Saturday, March 27, 2010
My friend Reiko, knowing that I had lately received what can only be described as the rudest rejection letter ever (a rejection apparently based not on my work but on this editor's estimation of my career), sent along a link entitled "30 famous authors whose works were rejected (repeatedly, and sometimes rudely) by publishers."
Now, don't get me wrong. I'm not famous (which was this recent editor's accusation against me). But I do take solace (and shouldn't we all?) from reviewing again (for we've reviewed them in the past) these bits and pieces from the annals of whoops.

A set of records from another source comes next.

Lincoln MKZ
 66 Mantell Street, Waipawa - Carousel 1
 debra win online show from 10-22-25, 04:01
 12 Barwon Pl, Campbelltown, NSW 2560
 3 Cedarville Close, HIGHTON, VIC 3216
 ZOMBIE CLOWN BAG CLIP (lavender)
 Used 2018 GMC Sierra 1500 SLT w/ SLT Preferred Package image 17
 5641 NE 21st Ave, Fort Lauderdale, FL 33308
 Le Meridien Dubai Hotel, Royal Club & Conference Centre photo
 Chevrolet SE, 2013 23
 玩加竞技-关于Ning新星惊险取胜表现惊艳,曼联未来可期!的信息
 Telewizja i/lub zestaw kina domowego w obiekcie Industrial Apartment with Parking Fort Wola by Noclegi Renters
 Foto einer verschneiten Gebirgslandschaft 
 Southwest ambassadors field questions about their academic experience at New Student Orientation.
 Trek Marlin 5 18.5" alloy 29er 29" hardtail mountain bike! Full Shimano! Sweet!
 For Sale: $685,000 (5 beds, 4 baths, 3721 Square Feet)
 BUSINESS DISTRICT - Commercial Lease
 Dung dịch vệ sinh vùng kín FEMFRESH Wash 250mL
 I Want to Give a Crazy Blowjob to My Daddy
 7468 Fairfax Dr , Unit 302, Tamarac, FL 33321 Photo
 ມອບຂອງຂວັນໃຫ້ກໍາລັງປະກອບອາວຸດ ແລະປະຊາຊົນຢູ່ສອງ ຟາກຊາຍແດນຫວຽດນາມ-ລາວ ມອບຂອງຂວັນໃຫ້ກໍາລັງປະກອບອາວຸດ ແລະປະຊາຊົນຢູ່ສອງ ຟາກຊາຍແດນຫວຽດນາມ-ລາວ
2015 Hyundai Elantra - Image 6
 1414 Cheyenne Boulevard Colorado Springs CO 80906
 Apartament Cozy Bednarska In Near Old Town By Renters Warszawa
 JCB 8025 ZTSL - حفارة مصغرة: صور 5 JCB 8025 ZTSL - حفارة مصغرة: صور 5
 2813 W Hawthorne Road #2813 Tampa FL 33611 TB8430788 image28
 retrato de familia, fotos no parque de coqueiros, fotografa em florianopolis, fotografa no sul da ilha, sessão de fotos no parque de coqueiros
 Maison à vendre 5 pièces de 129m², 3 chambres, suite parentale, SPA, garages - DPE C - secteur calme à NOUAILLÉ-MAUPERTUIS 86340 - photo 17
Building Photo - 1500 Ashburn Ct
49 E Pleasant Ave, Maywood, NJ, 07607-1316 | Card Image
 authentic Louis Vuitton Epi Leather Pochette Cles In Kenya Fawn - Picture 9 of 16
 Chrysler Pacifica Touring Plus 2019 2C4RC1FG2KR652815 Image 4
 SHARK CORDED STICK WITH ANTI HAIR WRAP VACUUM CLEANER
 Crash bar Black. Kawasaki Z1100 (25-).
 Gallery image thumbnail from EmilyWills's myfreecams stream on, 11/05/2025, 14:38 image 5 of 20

"We are not interested in science fiction which deals with negative utopias. They do not sell."
— from one of many publishers rejecting Stephen King's Carrie
"It is impossible to sell animal stories in the USA."
—from the editor dismissing George Orwell's Animal Farm
"There certainly isn't enough genuine talent for us to take notice."
— a publisher assessing the poetry of Sylvia Plath
And my personal favorite:
"I'm sorry Mr. Kipling, but you just don't know how to use the English language."
— a San Francisco Examiner editor rejecting a Kipling short story
Everyone, of course, has his or her right to his or her opinion, and editors can only buy those books with which they are in love. I'm simply not altogether convinced that cruelty need enter the scene.